Bir diğer kırılma, genel yayın yönetmenleri, editörler, site sahipleri mecrasındandır. Çoğulculuk adına vazgeçtikleri kalitenin, esteğin bedelini henüz ödememiş Anadolu basını henüz gerçekleştiremediği estetik devriminin bedelini ancak okur vicdanlarında ödemektedir.

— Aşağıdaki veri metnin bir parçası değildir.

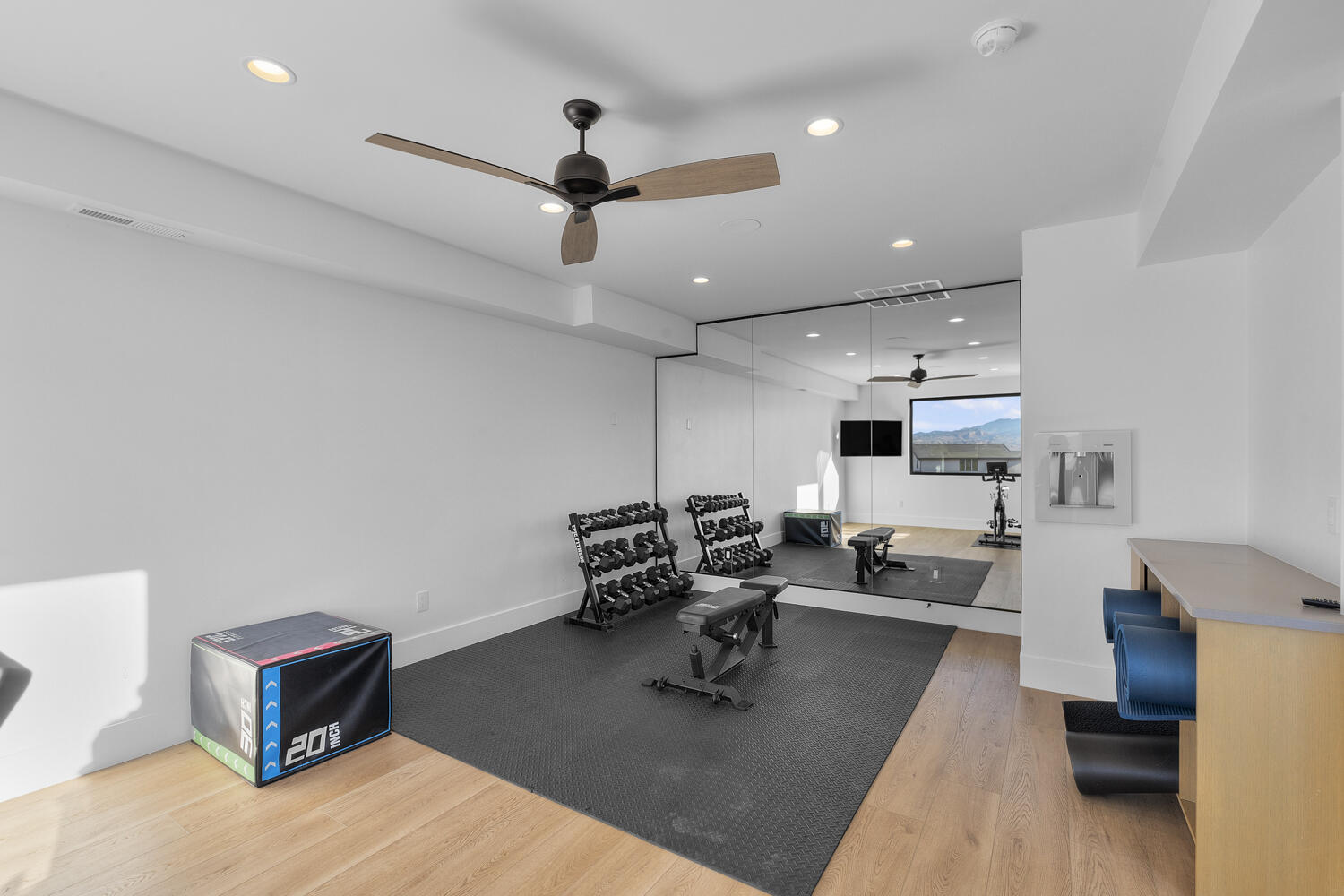 DESERT COLOR RESORT - Residential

Bu bedelin henüz maddiyat bahsinde esamesi okunmamaktadır.  Şahsen biliyorum, hocanın üzerinde ısrarla durduğu, italik bölümler, satır dizaynları, kalın puntolar, editörler açısından görsel kalem cambazlığından ibarettir, anlam içermez.

Kendilerinin devlet dizaynındaki okullarda öğrencileri olmadığım ama rahle-i tedrislerinde lisans öğrenciliğimden bu yana ilk mektebi aşamamış, sınıf tekrarlarıyla okulu uzatan talebeleri olduğum, Şaban Sağlık, Şahin Köktürk, Dursun Ali Tökel üçlüsünün sonuncusu değerli hocam. Uzak durmak iyidir esasında. Malum; her temas bir iz bırakır. Aynı mecrada olmak çoğu zaman benzeştirir sizi. Tanınmaz hale geliversiniz ansızın. Oysa düşüncenin, yazının mecrası kendini bulur. Okuyan, yazan, konuşan ve yapan bir eylem adamı olarak kalbinizi korumak vicdanınızı rahatlatmak adına okuru öksüz bırakmamak lazımdır.

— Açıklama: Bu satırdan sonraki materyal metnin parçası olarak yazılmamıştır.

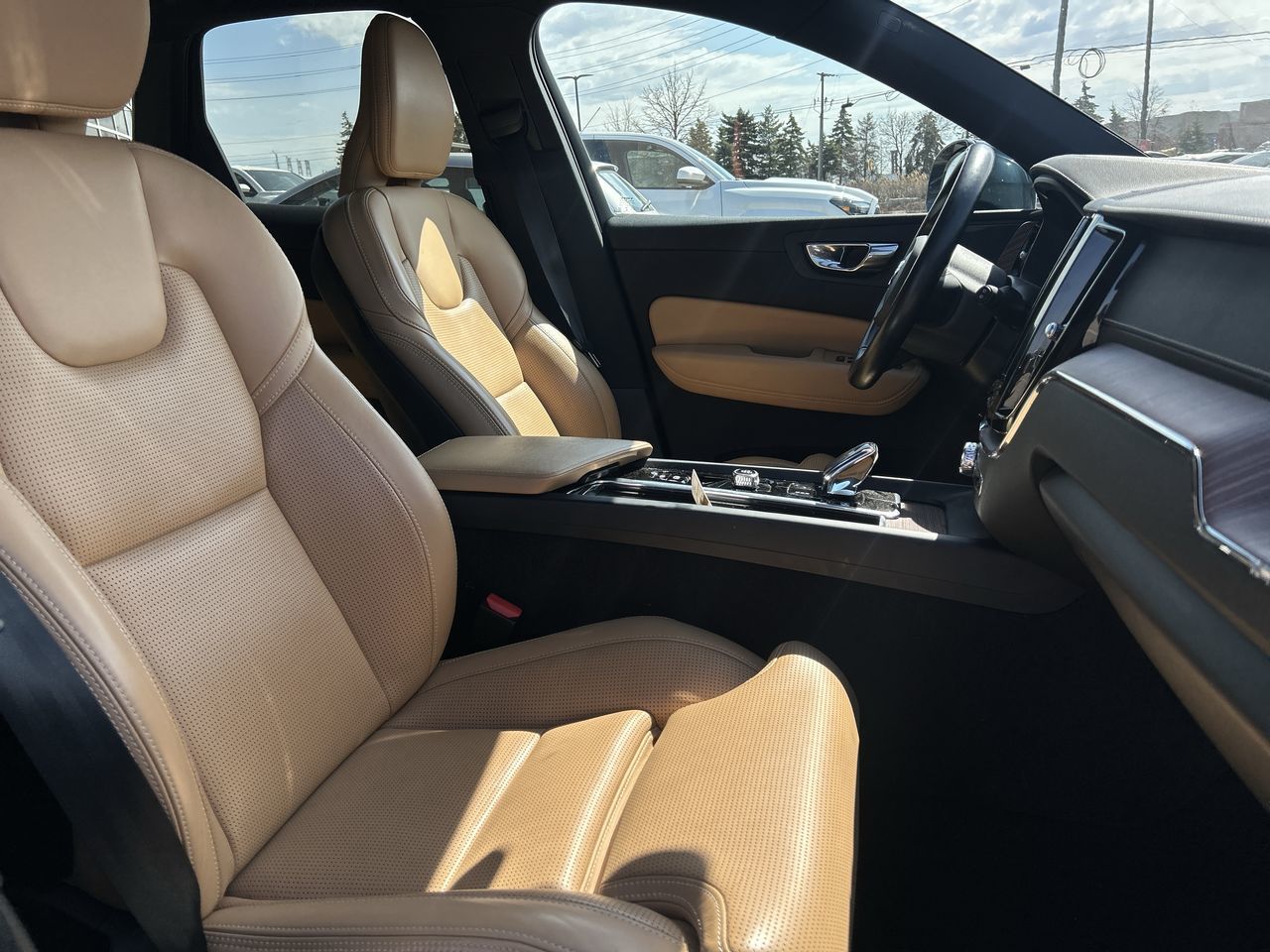 2022 Volvo XC60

Söylediklerinize “O söylüyorsa” gözüyle baktığımız sayın hocam. Kaç kez yazılarınızı paylaştım. Kaç kez tavsiye edip, derslerimde konu ettim. Mesela;  “Menkıbelerle dersi süslerdik, ama menkıbelerle hakikat inşasına kalkmazdık!”, “Hazzını bütün erdemlerin ötesinde gören insan, kendi çıkarlarına dokunulduğunda nasıl da hayvanlaşır!”, “Duygularımızın esiri olursak, duygumuzun oyuncağı oluruz, onları kontrol edersek şerlerinden emin oluruz, amma eğer onları transfer edersek o zaman onların efendisi oluruz.” Her biri ayrı bir derinlik taşıyan estetikle bütünleşmiş yazılar. Şimdi okura eski metinleri dönüp dönüp okumak mı düşecektir.?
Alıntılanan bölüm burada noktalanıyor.